The online campaign aimed to raise $1,000. As of Thursday afternoon, it was over $8,600.
Hovater, 29, is a co-founder of the Traditionalist Worker Party, a neo-Nazi group that protested at the white supremacist rally in Charlottesville, Virginia, in August. The Times profile published Saturday called him “a committed foot soldier” of the far right and noted his extremist views, from advocating white supremacy to denying the Holocaust.
A chorus of critics, though, called out the article for appearing to normalize Hovater and not pushing back on his views. The profile portrayed Hovater as the “alt-right” version of a hip millennial, with “Midwestern manners [that] would please anyone’s mother.” Notably the article did not challenge his claim that Hitler was “chill” when it came to the question of exterminating the Jews.
In a response to the critics, a Times editor regretted the offense caused by the piece but defended the need to “shed more light, not less, on the most extreme corners of American life.”
The supporters’ fundraising campaign is known as the Hovater Support Fund. Its page blames “Communists, Antifa and general basement-dwelling ne’er-do-wells” for getting the Hovaters fired, and asks for donations in the spirit of Christmas.

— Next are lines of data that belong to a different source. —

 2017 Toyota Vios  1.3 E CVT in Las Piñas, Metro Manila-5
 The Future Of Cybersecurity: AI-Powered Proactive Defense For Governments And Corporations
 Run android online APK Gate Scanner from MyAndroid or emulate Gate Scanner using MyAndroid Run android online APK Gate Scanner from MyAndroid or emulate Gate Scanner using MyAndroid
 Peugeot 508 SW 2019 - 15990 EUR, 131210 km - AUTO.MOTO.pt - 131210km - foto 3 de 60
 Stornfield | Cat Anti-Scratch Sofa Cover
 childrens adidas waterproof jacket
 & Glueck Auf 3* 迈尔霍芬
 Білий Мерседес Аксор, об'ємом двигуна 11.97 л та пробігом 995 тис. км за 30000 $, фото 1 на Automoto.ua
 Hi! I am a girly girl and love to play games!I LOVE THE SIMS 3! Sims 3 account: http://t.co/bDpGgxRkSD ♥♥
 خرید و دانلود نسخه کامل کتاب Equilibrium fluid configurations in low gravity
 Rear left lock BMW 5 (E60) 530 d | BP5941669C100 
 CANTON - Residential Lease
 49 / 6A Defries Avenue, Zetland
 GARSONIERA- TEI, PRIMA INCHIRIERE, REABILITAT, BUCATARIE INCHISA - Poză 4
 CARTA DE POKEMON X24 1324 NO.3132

As it happens, the campaign appears to be among the tamest campaigns on GoyFundMe, which employs the sometimes pejorative word “goy” — which means “nation” in Hebrew but commonly refers derogatorily to non-Jews. White supremacists on the internet have taken recently to re-appropriating the term.
GoyFundMe bills itself as part of the “alt-tech” community, a group of social media sites for the alt-right that do not censor white supremacist content.
“If you, like us, find that shutting down accounts and refusing service to anyone simply because their ideas are different or unpopular, we invite you to check the following websites and lend them your support if you can,” GoyFundMe’s description of alt-tech reads. “Doing so will help to ensure the continued rise of Alt-Tech companies, as well as to keep free speech and a true diversity of ideas alive and well on the web.”
A few campaigns on GoyFundMe, which launched in late August, aim to raise money for those arrested during the Charlottesville rally. One “Defense Fund” features icons of Nazi-style eagles and declares “We won the battle. Now let’s win the war.”
Another is called Republic of Florida Needs Shekels, which seeks to raise $5,000 to finance a militia. The campaign includes a video of people wearing storm trooper helmets (think Nazi, not “Star Wars”). It has raised $20.
But perhaps the most bizarre campaign is one to launch a “Jewish Interracial Dating Website” called Kosher Swirl. The campaign’s creators hope to raise $10,000, claiming that they “are trying to give back to Jews by creating an interracial dating site” — one that won’t allow white people to join.
Their total so far: bubkes. That’s zero, GoyFundMe crowd.